Looking for Other Treats
Once I realized that I was treating myself with the digital equivalent of Oreos, I decided to start looking for other types of treats. Part of looking for other versions of treats meant I had to define them. My definition of treats is:
“An experience that is beneficial to my well-being.”
For me, an experience will provide more value to my life and, in the long term, I will value the experiences I have. These experiences make me feel happy and accomplished.
I consider experiences to be deposits into my Bank of Well-Being. When I do that, I am saving for a “rainy day”. The day that my cat has to be rushed to the vet, the moment that I learn something has happened to a dear family member, the day I’m fired. Yes, I’ll experience typical emotional duress due to the event but I will return to a normal state quickly due to my deposits. This ability to bounce back is called resiliency and when you indulge in the good times, it helps the bad times pass.
What are treats then?
When I think about treats, I think about experiences when I am gaining and giving physically, emotionally, mentally, and spiritually.
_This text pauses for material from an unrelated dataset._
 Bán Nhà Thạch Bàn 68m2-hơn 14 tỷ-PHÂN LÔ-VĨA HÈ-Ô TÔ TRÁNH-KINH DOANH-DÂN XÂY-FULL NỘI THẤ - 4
Some of my treats are:
- Enjoying birthday cake at a party.
- Floating in a sensory deprivation chamber.
- Having tea with a friend and actively listening to them share.
- Reading, especially in nature.
- Stopping in to see family or friends.
- Trying to solve an issue that is complex.
- Learning about others.
- Practicing yoga in the morning.
- Being honest (vulnerable) in conversations where I need to express my feelings.
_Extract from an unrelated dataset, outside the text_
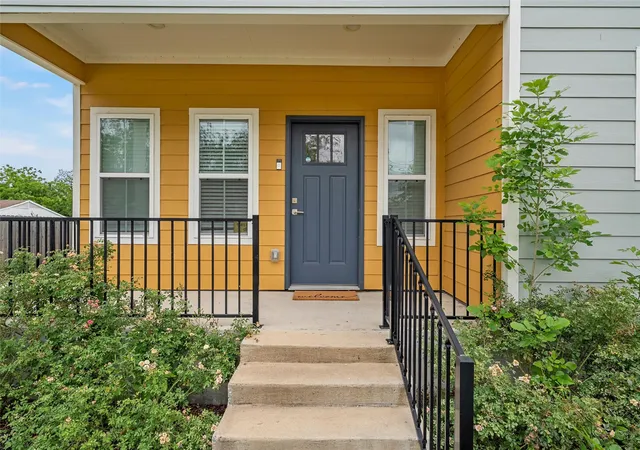 Photo 2 of Single family home for sale at 1108 Oakwood Ave, Waco, TX 76706 | MLS# 21244190 | Listing updated on 2026-09-15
- Taking holidays with family.
Dealing with (Insert Your Thing Here)
I purposely put the birthday cake first on that list. Everyone has their own “birthday cake”. Maybe it’s Cola or potato salad or fried chicken. I can hear you saying “I’m like you, I will eat the whole cake.” I feel for you, deeply. That is a tough thought to have, knowing the social and emotional consequences of eating or not. It’s difficult to work through that. Here are some questions I’ve asked myself to get through the social situations:
- Do I eat this item outside of these social situations?
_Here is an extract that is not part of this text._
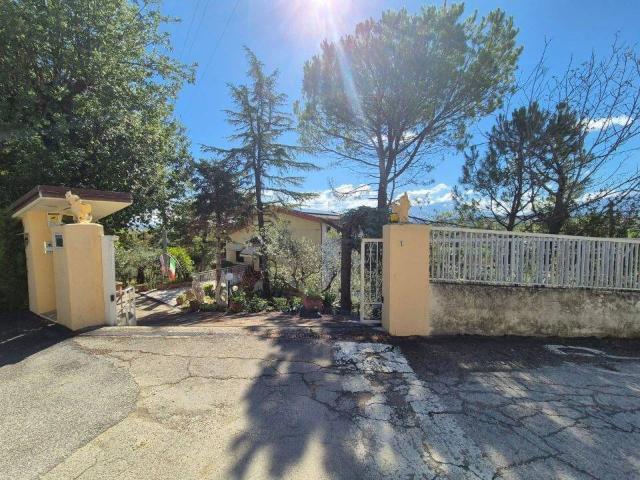Villa in vendita a Cugnoli PE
- With birthday cake, the answer is no. That makes it easier to enjoy.
- Am I able to confide in another attendee who will help me stay on track?
- If you aren’t able to do it yourself, ask for help.
- How often do I experience this situation?
- Once a week? Once a year?
- Will eating this make me feel better or worse, mentally and physically?
- If it’s not going to make you feel good, don’t put it in your mouth.
Reframing treats to align with my values has helped me to grow in areas that nourish my well-being. On a day to day basis, I take time to build resiliency in different ways that I consider treats. My favorites are: yoga first thing in the morning, tea as soon as I get to work and my nightly after dinner walk. By having three treats a day in this form, I don’t feel any guilt when I go to a birthday party and enjoy cake because I know that my efforts otherwise will make up for the event.
I can hear the question percolating: What about your weight? What happened there? I’ve been in maintenance since early June 2017. I have a weight range that I have been in for two months and am working on maintaining that weight range through day-to-day actions that compound as I indulge in them as treats.
Give This a Try
Take some time to think about: What are your food treats? How do you feel about them? What are your non-food treats? What do you do that makes you feel amazing?
Implement one of your own treats and see how it goes.